As a MWE, I wrote the following two functions in Julia, both of which depend on a global constant integer N and a global constant vector global_vector:
using BenchmarkTools
const N = 1024
const global_vector = rand(N)
function loop!(x,y)
for i in 1:N
x[i] = y[i]*global_vector[i]
end
end
function loop_lift_first!(x,y)
x[1] = y[1]*global_vector[1]
for i in 2:N
x[i] = y[i]*global_vector[i]
end
end
x = rand(N)
y = rand(N)
Notice that loop! and loop_lift_first! are identical, except that the latter “lifts” the first iteration of the loop outside and computes it separately. Using BenchmarkTools to compare the runtime of these functions:
It looks like it has something to do with bounds checking, since if I put @inbounds in loop! then its performance becomes better than both previous versions.
For me, the performance gets similar if I explicitly pass global_vector to the function (which you should anyway prefer), @inbounds only makes a difference when I don’t pass global_vector:
using BenchmarkTools
const N = 1024
const global_vector = rand(N)
function loop!(x,y, global_vector)
for i in 1:N
@inbounds x[i] = y[i]*global_vector[i]
end
return sum(x)
end
function loop_lift_first!(x,y, global_vector)

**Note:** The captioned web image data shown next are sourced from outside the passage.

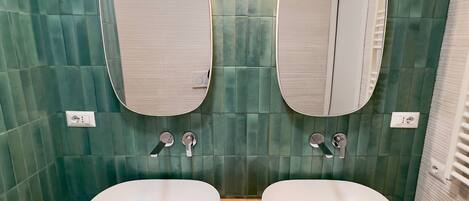 シャワー、ヘアドライヤー、ビデ、タオル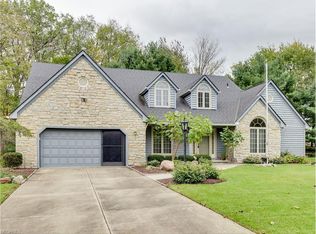 5601 Quail Run, North Olmsted, OH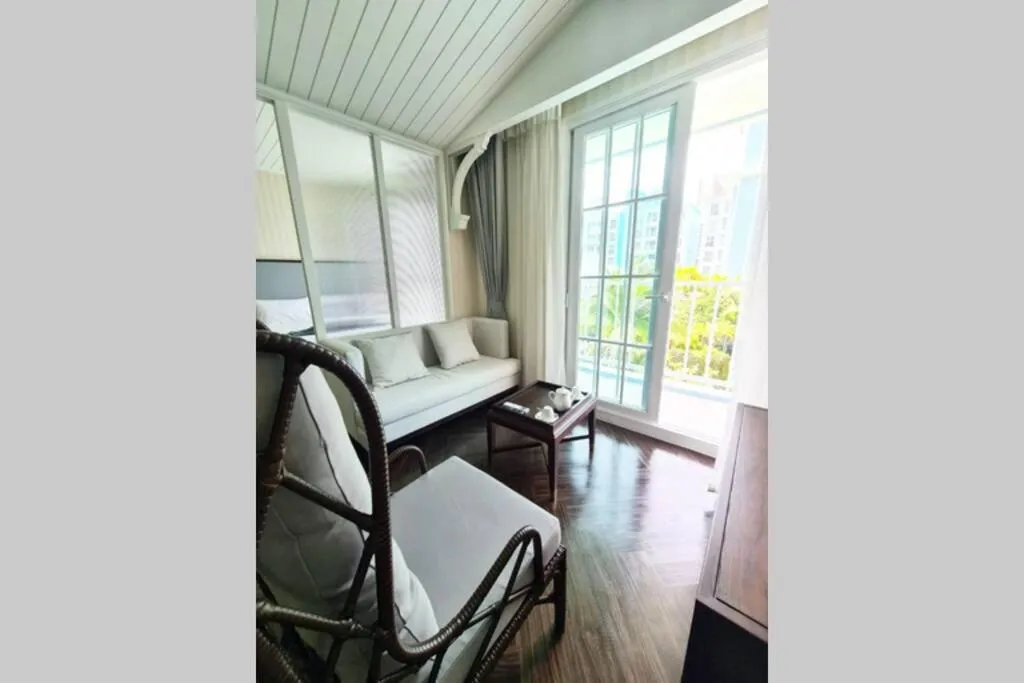 Grand florida Seaview-1BR-Step to jomtien beach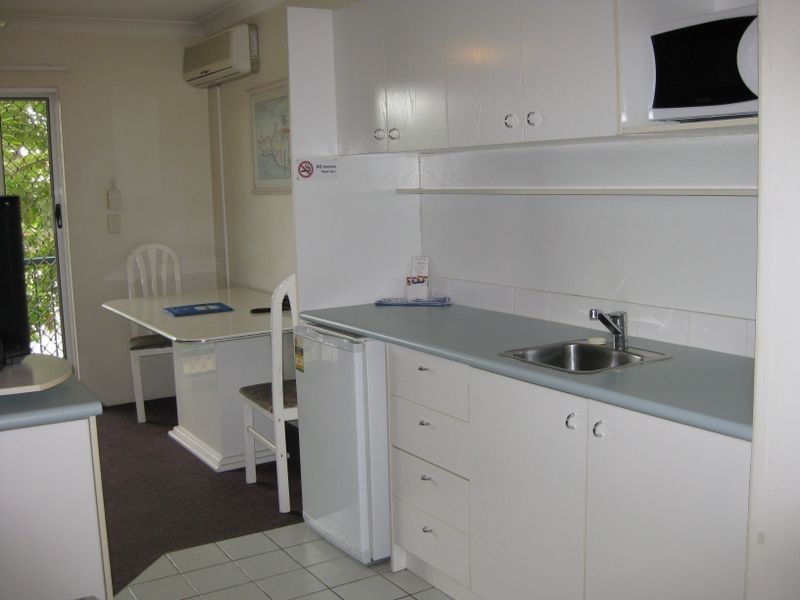 19/125 Frank Street, Labrador QLD 4215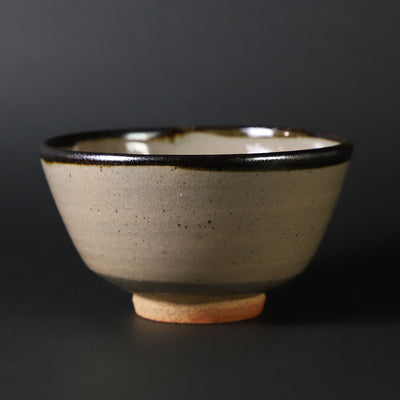 Nakazato Tarōemon Kiln, Illustrated Karatsu Tea Bowl (Whale)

@inbounds x[1] = y[1]*global_vector[1]
for i in 2:N
@inbounds x[i] = y[i]*global_vector[i]
end
return sum(x)
end
x = rand(N)
y = rand(N)
@btime loop!($x,$y, $global_vector) evals=100
@btime loop_lift_first!($x,$y, $global_vector) evals=100
julia> include("/tmp/lel3.jl")
72.530 ns (0 allocations: 0 bytes)
110.500 ns (0 allocations: 0 bytes)
Perhaps eachindex(x, y, global_vector) will work better for the bounds checks.
Looking at the produced LLVM code, at first glance, the lift_first version on my machine produced 256-bit SIMD code, while the regular version used only 128-bit SIMD code. And the lift_first also unrolled the loop (4 iterations per loop).
Granted, there are other ways to write this. But it seems like this huge disparity from things that shouldn’t matter so much (e.g. changing a global constant to a parameter or hoisting the first iteration) could indicate a missing/broken performance optimization that should be fixed?
julia> function loop!(x,y, global_vector, N)
for i in 1:N
x[i] = y[i]*global_vector[i]
end
end
Especially consider
julia> function loop2!(x,y)
@noinline loop!(x,y,global_vector, N)
end
which becomes quite slow if the @noinline is removed.
So I’d say that this is an optimizer bug – something breaks IRCE / inductive range check elimination if the compiler can see the “load from global”
PS. By looking at the code, you can see that specifically only the load from global_vector fails to IRCE for whatever reason (boundschecks for load from y and write to x are correctly eliminated / hoisted)